Can ICTs improve living standards in Zambia?

Many initiatives have been undertaken, mostly by civil society organisations, towards the bridging of the digital divide between the north and the south. The pressing concerns have been on the ability of Information Communication Technologies (ICTs) to improve the standards of living of the poor in societies. If harnessed and directed properly, ICTs have the potential to improve aspects of our social, economic and cultural life. Appropriate technology for Zambia is not just a desire but also a real need. Among Zambia’s greatest challenge today are poverty and HIV/AIDS. In addition to this challenge we are faced with a language challenge which hampers communication. Given that 73 languages are spoken in Zambia, could the country not develop a technology that contributes towards narrowing the linguistic gap? These challenges can be seen as opportunities to make a difference, rather than liabilities to marginalise Zambia.All stakeholders have a leading role to play in the Information society, especially through partnerships. The conference observed that the government had a leading role in developing and implementing comprehensive, forward looking and sustainable national e-strategies.

The commitment of civil society was important in creating an equitable civil society and in implementing ICT related initiatives for development.

ICTs can thus serve as an engine for development in the New Millennium and help achieve the Millennium Development Goals (MDGs).

The conference was a unique opportunity for all key players to develop a shared vision of solutions and tools to bridge the digital divide and create a global society.

Government also took this unique opportunity to launch the first draft national ICT policy.

There are draw backs in how governments in Africa have paid lip service to the development of technology. Although many of these governments have created regulatory bodies, put in place legislation and requested for technical assistance towards the development of information and communication technology, all these steps remain but a charade.

More often than not, the setting up of regulatory bodies is simply done to fulfil donor conditions. There is no follow up afterwards to ensure the harmonisation of these new entities with already existing structures.
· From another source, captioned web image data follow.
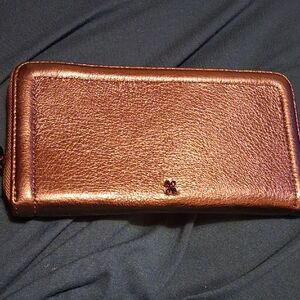 HOBO Metallic  Wallet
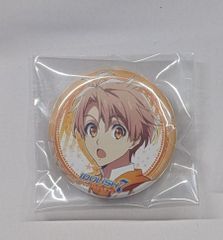 六弥ナギ アイドリッシュセブン コラボカフェ第2弾 くじ引き缶バッジ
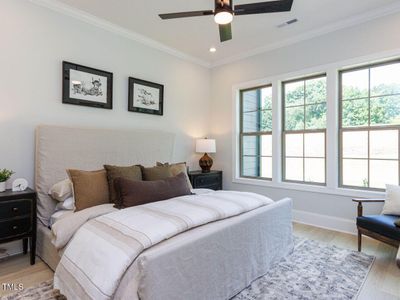 New construction Townhouse house 1003 Coldspring Cir, Durham, NC 27705 plan Townhome B Interior - image 8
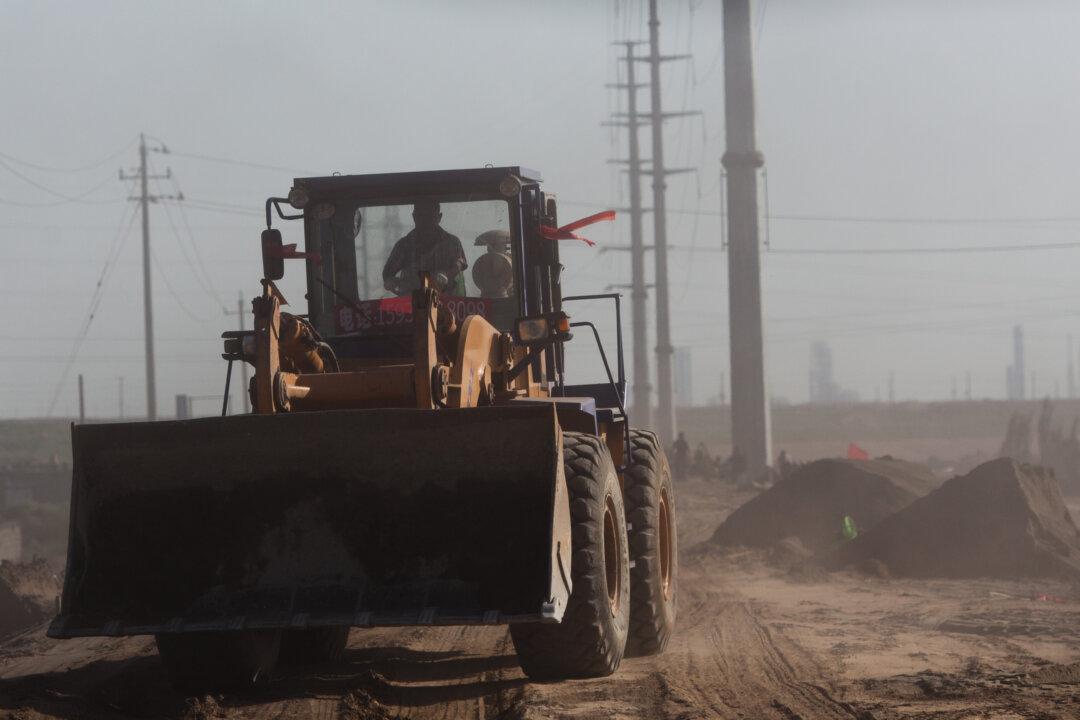 China Readies Itself for the Next Round in the Trade Wars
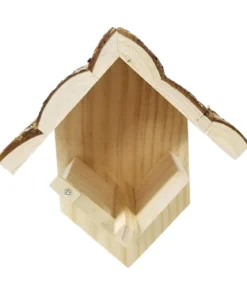 Dehner Natura Premium Erdnussbutterhaus Stellan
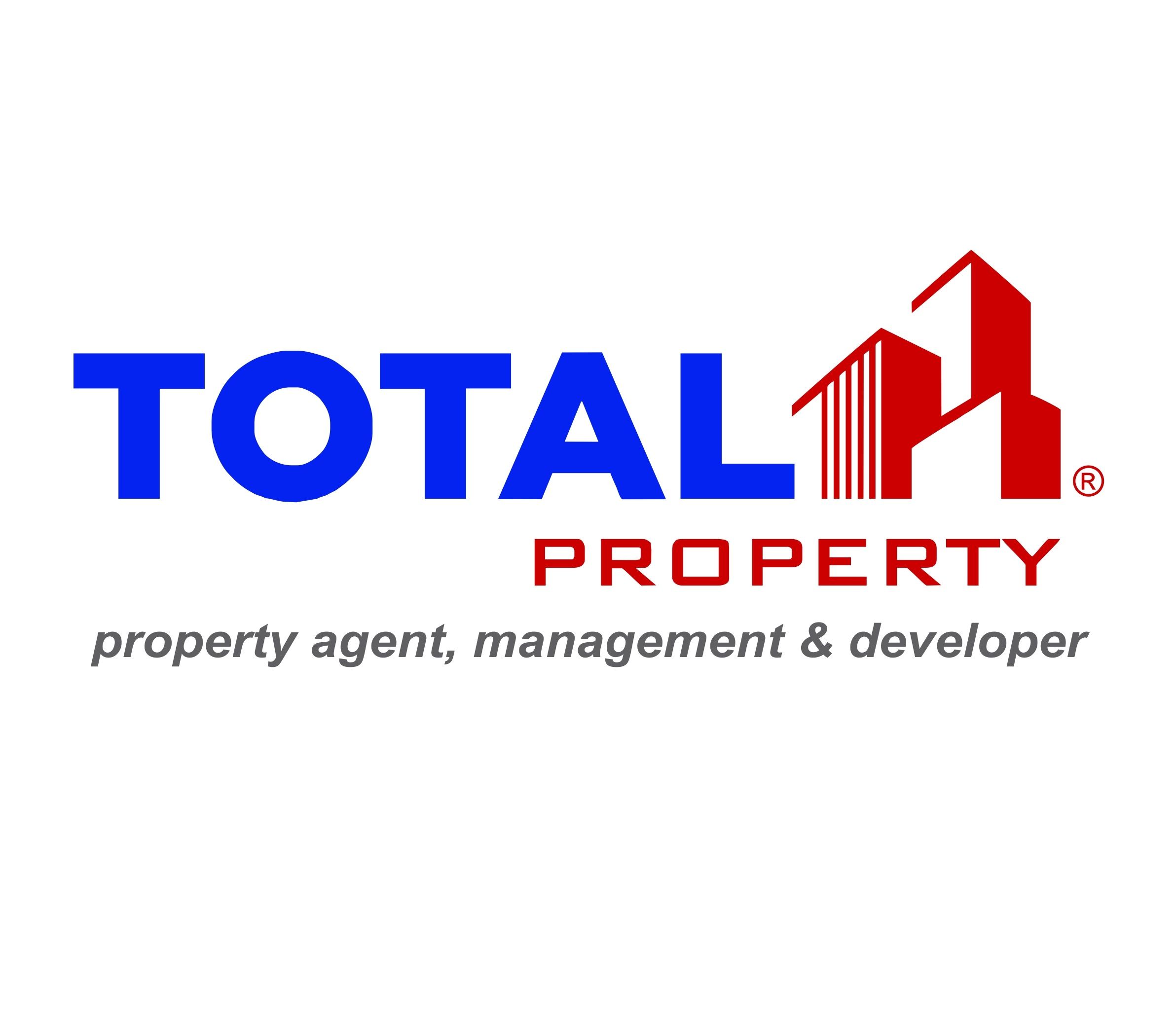 PT. TOTAL PROPERTI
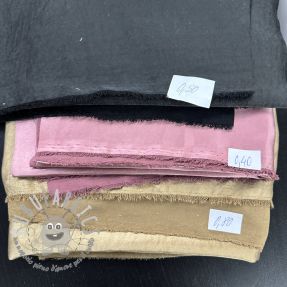 Last pieces package Raso SOIVE 002
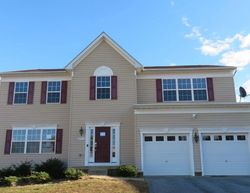 Foreclosure in  SHADY KNOLL PL Lexington Park, MD 20653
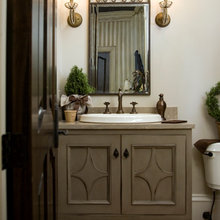 hall bath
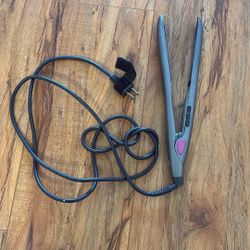 Hair Straightener
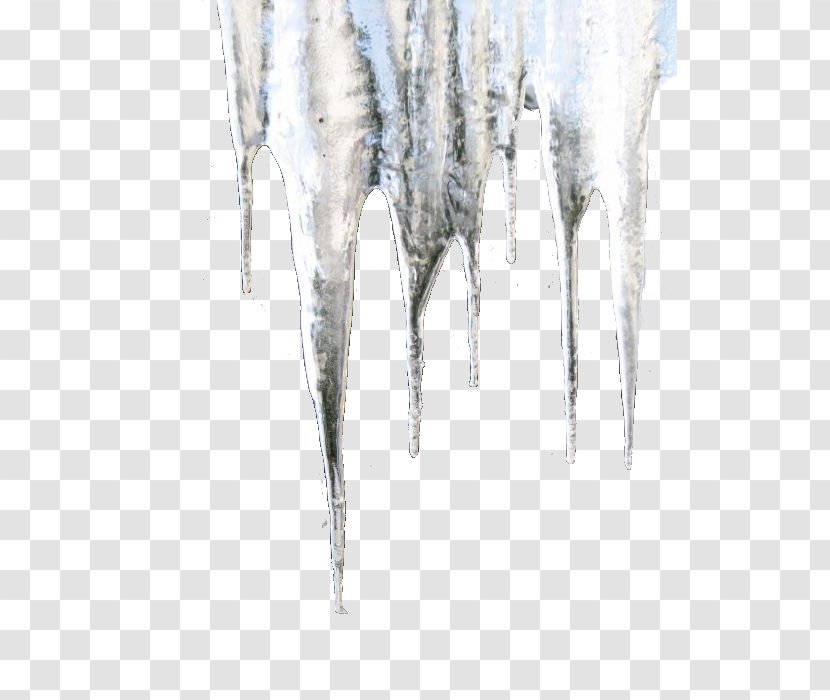 Icicle Clip Art - Ice - Icicles Transparent PNG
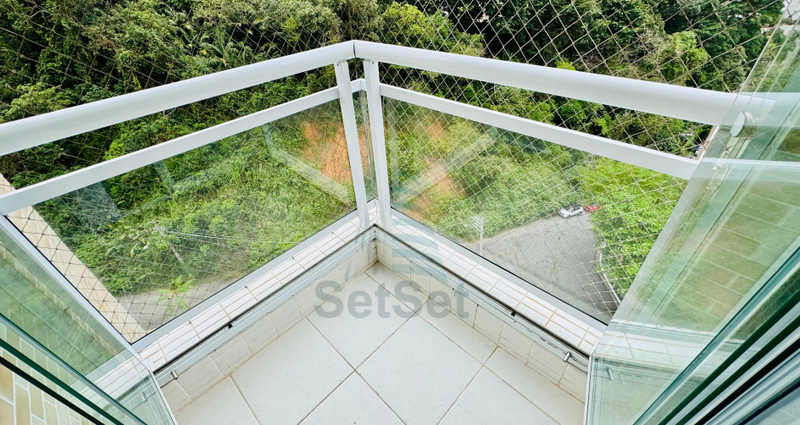 Apartamento para Venda - Enseada - Guarujá/SP! - Guarujá - 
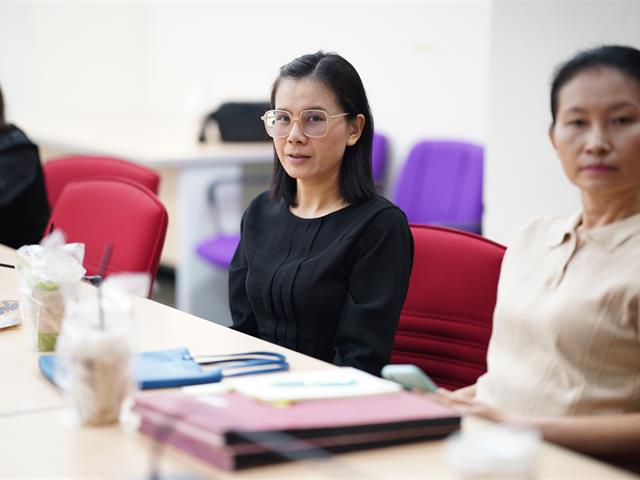 ประชุมสามัญคณะนิติศาสตร์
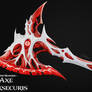 Axe Sarxsecuris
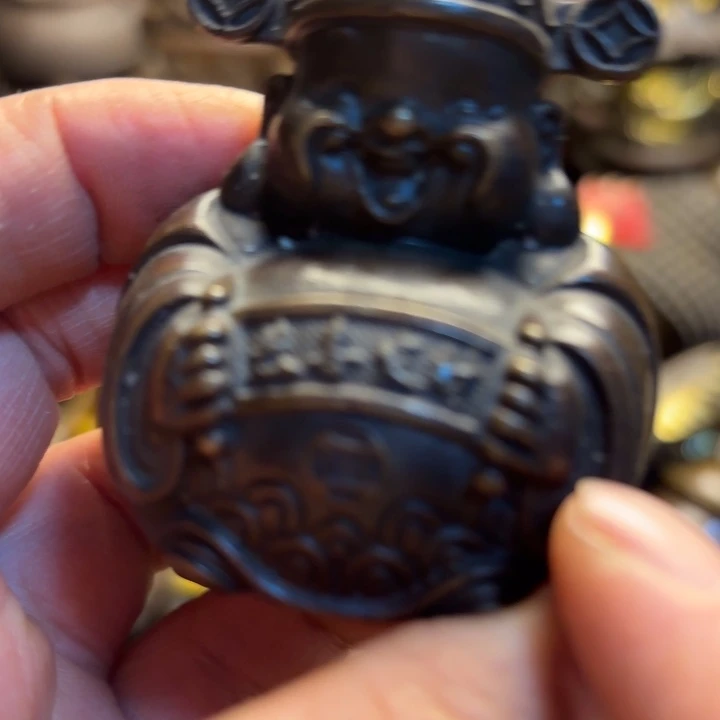 铜器摆件6666666666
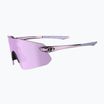 Okulary przeciwsłoneczne Tifosi Vogel SL crystal purple/violet mirror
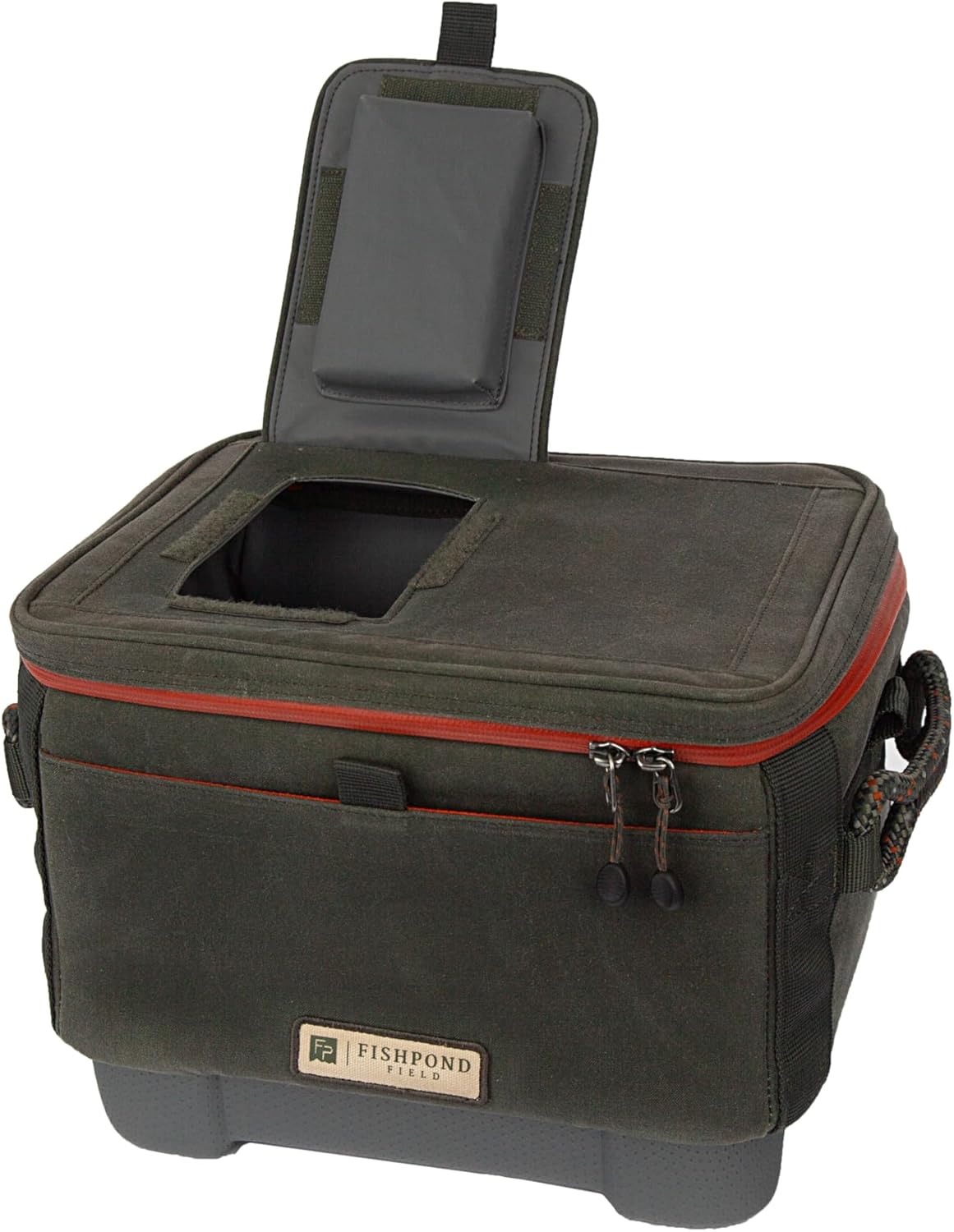 fishpond Blizzard Cooler - Duskwood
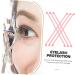 Minkissy Eyelash Curler & Perming Tool Kit | 3 Pairs Lash Lift Pads & Rods for Stunning Eyelashes - Buy Online on GoSupps.com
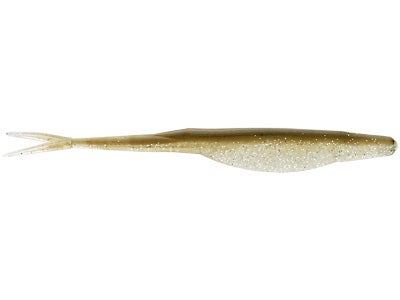 Zoom Salty Super Fluke
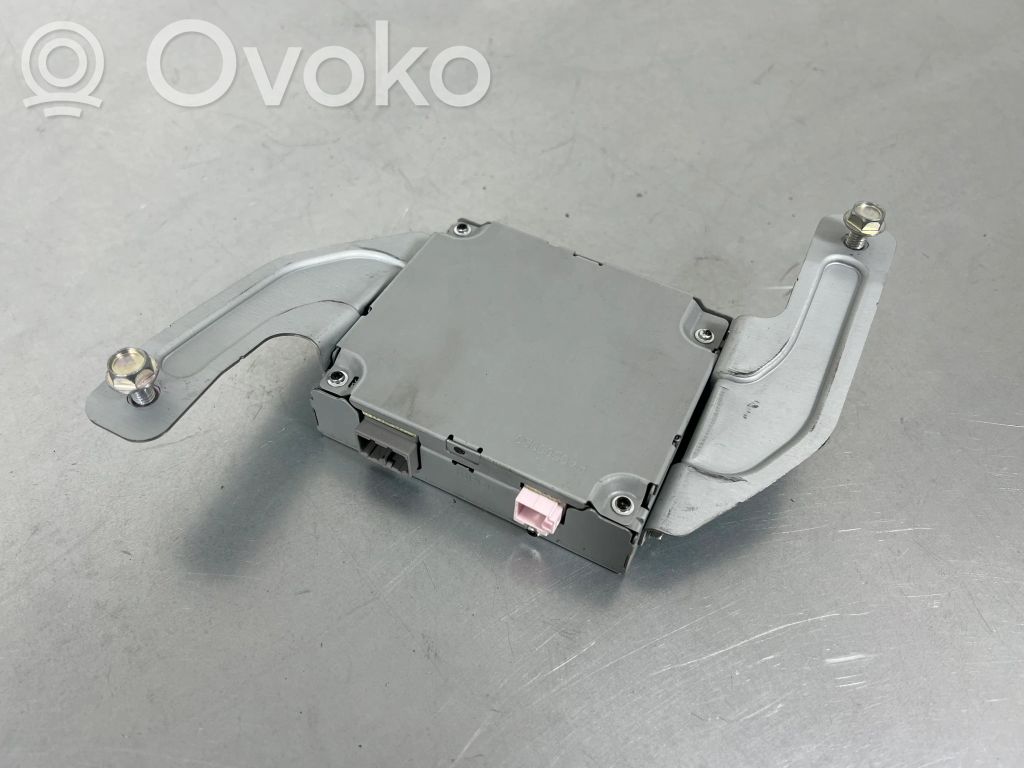 Honda CR-V Other control units/modules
Despite the high demand for Internet services, the Zambian government seems keen on clinging onto monopolies as opposed to inviting more internet service providers. As a result cost remains prohibitive for the majority of the rural populations.

There is an urgent need to depoliticise issues that affect national development. The provision of information in Zambia needs to be facilitated by the acquisition of information and technology tools for the people, and in so doing empower them to fully participate in the global information technology process. The onus here really lies with the government in their structuring of a policy that is all inclusive and will take into consideration submissions from all stakeholders. There is also need for publicity of the draft ICT policy on government’s part to ensure participation from all.

Drawing from past experiences, important submissions from civil society and other stakeholders will not be taken into full consideration by the government. And when there are no contributions, the government will ask why, it is this kind of trend that brings out the apathy in people especially when something looks like it is only for the benefit of a few in the upper circles of society. Government needs to understand that when it involves the masses on larger a scale and appreciate their contributions, the people will be interested and involved and thus policies made will be a true reflection of the people’s needs towards improving their living standards.

The first step in empowering people in the age of new communication technologies is to help them achieve more technological literacy, so that they can use technology to help themselves and to help them make meaningful contributions on ICT issues that affect their livelihoods. The best resource in the world is the human resource; if we keep this in mind then we are heading for progress.